Surrendering artistic integrity in the pursuit of Chinese audiences proves that Hollywood is as profit-driven and capitalistic as any other. The hypocrisy of then producing films that usually portray economic liberalism in the worst possible light is bad enough. But the consequences of this shift present special problems for the West. Hollywood is unique due to its role as a source of ‘soft power’, which refers to economic and cultural influence in international affairs. While the impact on the content of the films is frequently analysed, the strategic ramifications of China effectively colonising an important source of Anglo-American soft power receives too little attention.

Historically, the US relies on Hollywood to underwrite Pax Americana, the post-war peace characterised by widespread Anglo-American cultural norms and the economic and military position of the United States. By popular acceptance, Hollywood became the lens through which the United States and its allies were seen by the rest of the world.
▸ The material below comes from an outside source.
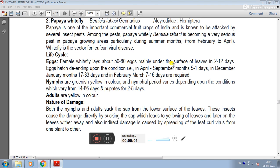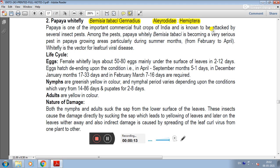The second pest of the papaya is papaya whitefly, scientific name Bemisia tabaci genadesis, family Aleyrodidae and order Hemiptera. Papaya is one of the important commercial food crops of India and is known to be attacked by several insect pests. Among these pests, papaya whitefly Bemisia tabaci is becoming a very serious pest in papaya growing areas, particularly in summer months from February to April.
Through this, the US has been able to spread its values around the world, such that American archetypes have become globally-understood tropes.

This is not to say that American cultural values are perfect or that Pax Americana has been without flaws. The West rightly coalesced around the United States after the Second World War as it was obviously superior to the powers of the Warsaw Pact as a force to protect liberty and economic prosperity.

Since the end of the Cold War, the cultural rot within the West has become more pronounced. It is just one symptom of this problem that Hollywood does not recognise its role as custodian of a uniquely Western tradition. The values that were once a feature of Hollywood must now be sacrificed to accommodate the prejudices of the Chinese market and the sensibilities of the Chinese Communist Party.

The West is now in the position of effectively disseminating the propaganda of the Chinese Communist Party. This is not an accident. The Peoples Republic has not been shy about its aggressive efforts to build up its own soft power, and Hollywood is undoubtedly a part of that agenda. Closer to home, a report of an investigation launched by Prime Minister Malcolm Turnbull in 2016, allegedly outlining ‘brazen’ Chinese government infiltration at every layer of the Australian government, remains classified.

What’s happening in Hollywood isn’t just a nuisance for consumers; it’s an underestimated threat to the West. It’s not easy to predict what a fall of Pax Americana would look like, but one should not expect a Hollywood ending for Australia.